Provided data:

*** Block opens ***

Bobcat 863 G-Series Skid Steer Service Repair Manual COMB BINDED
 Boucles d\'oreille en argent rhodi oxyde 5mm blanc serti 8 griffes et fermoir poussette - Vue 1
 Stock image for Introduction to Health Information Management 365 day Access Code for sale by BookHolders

*** Block closes ***

Exercise aim:
An exact restatement of the lines from the one with "Boucles d\'oreille en" through the last line of the data is the only acceptable answer.

Solution for this task:
 Boucles d\'oreille en argent rhodi oxyde 5mm blanc serti 8 griffes et fermoir poussette - Vue 1
 Stock image for Introduction to Health Information Management 365 day Access Code for sale by BookHolders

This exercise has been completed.